Medieval art frequently juxtaposes sacred texts and spaces with witty, satirical, silly, and sometimes arrestingly crude images. Nuns dance barefoot, fox-bishops preach to their prey, and disembodied bottoms trumpet in stained glass, sculpture, and the margins of books that contain scripture, prayers, and liturgy.
From the time that they were made, such images have provoked amusement and bemusement, ire and iconoclasm. They have found new admirers in the instagram age, harp-playing donkeys and knights riding chickens offering radically-decontextualised micro-jolts of dopamine to doom-scrollers.
Responding to the ideas of other scholars (including Huizinga, Bakhtin, Eco, Randall, Camille, Binski, Sandler and Jones) who have considered seriously the comical medieval image, this lecture surveys the problem of laughter in medieval art. It sets intentionally ridiculous Gothic images in the context of biblical ambivalence about laughter; medieval preachers’ understanding of the rhetorical power of comedy; and Thomas Aquinas’s attempt to reconcile canonical Christian authorities’ views on mirth with Aristotle.

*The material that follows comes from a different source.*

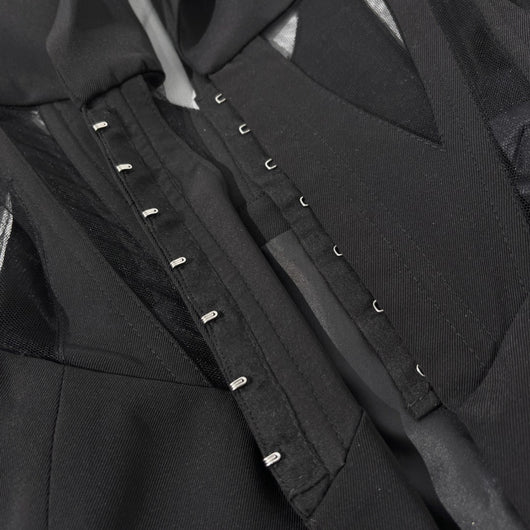 Blazer Ejecutivo con Cintura Ajustable de Malla - Image 10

With a particular focus on visual humour in the places where Thomas lived and worked during his lifetime (c.1225-1274), this lecture explores how Thomas’s laughter ethics might relate to the play of images around him. With Aristotelian-Thomistic laughter in mind, it then considers the implications of visual jokes originally conceived by and for small, elite groups in the Middle Ages as they reach a mass audience on social media today.